> _YOUR GOAL_
From the material below, retype exactly the lines that begin at the line with "12555 Oak North Dr #102, San Diego, CA 92128" and end after the line with "Nike Women's Air Force 1 '07 Dv7470-100"; pictures stay out of the copy.

> _EXERCISE INPUT_
··········

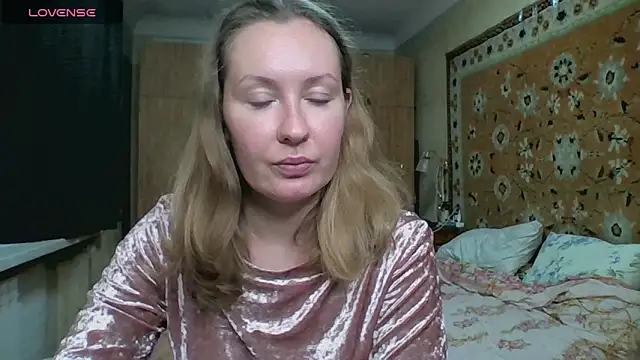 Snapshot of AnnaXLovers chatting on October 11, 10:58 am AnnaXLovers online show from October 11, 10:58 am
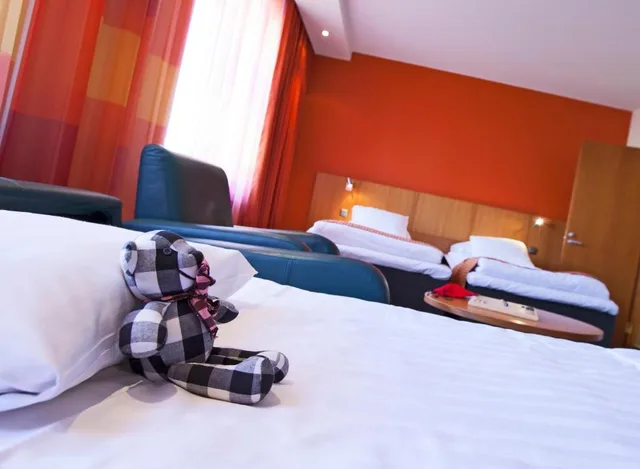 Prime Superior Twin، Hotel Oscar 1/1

··········

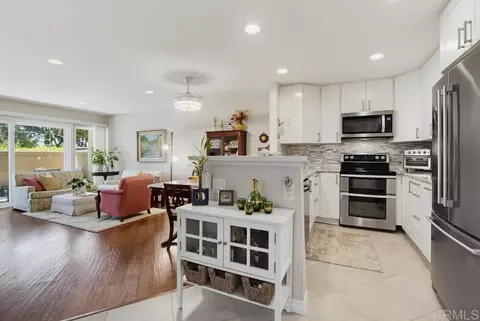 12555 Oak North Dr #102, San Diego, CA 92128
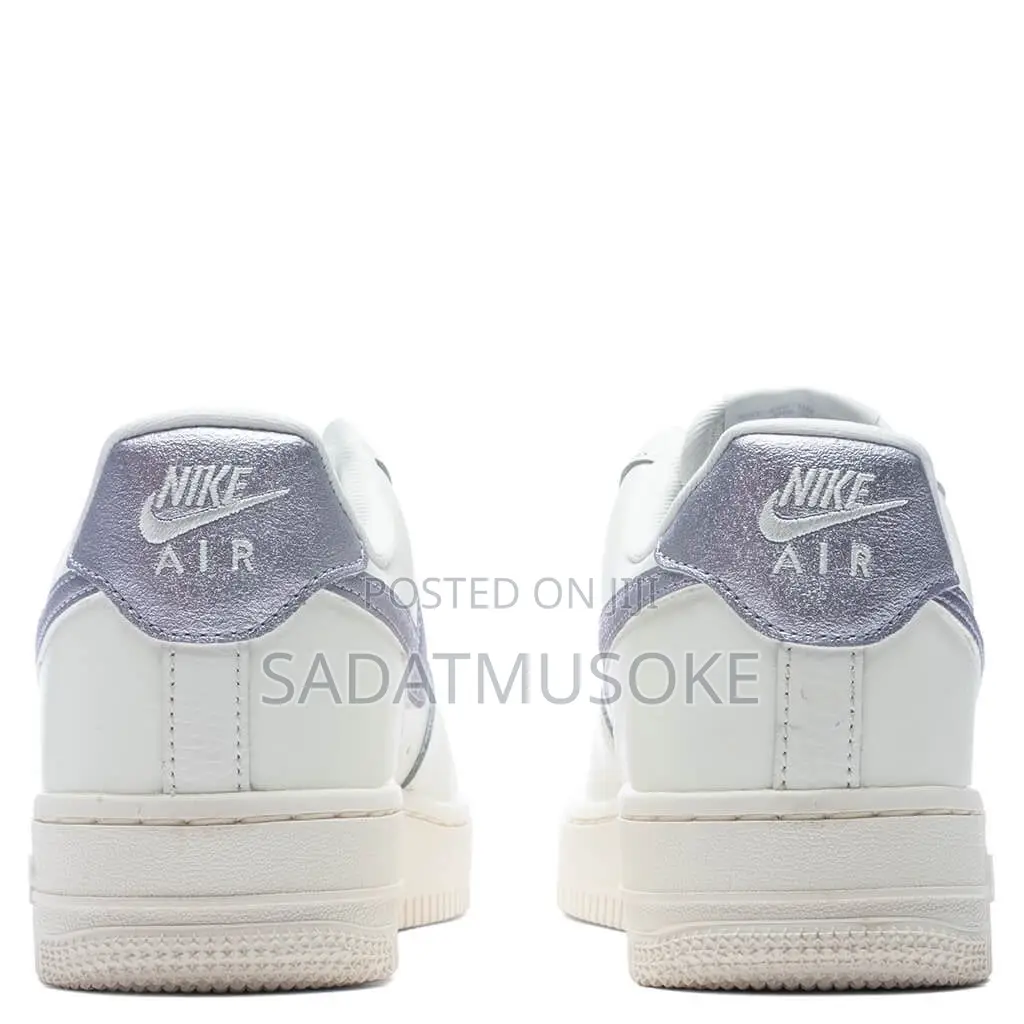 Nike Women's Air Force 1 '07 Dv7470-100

··········

> _COMPLETED EXERCISE_
 12555 Oak North Dr #102, San Diego, CA 92128
 Nike Women's Air Force 1 '07 Dv7470-100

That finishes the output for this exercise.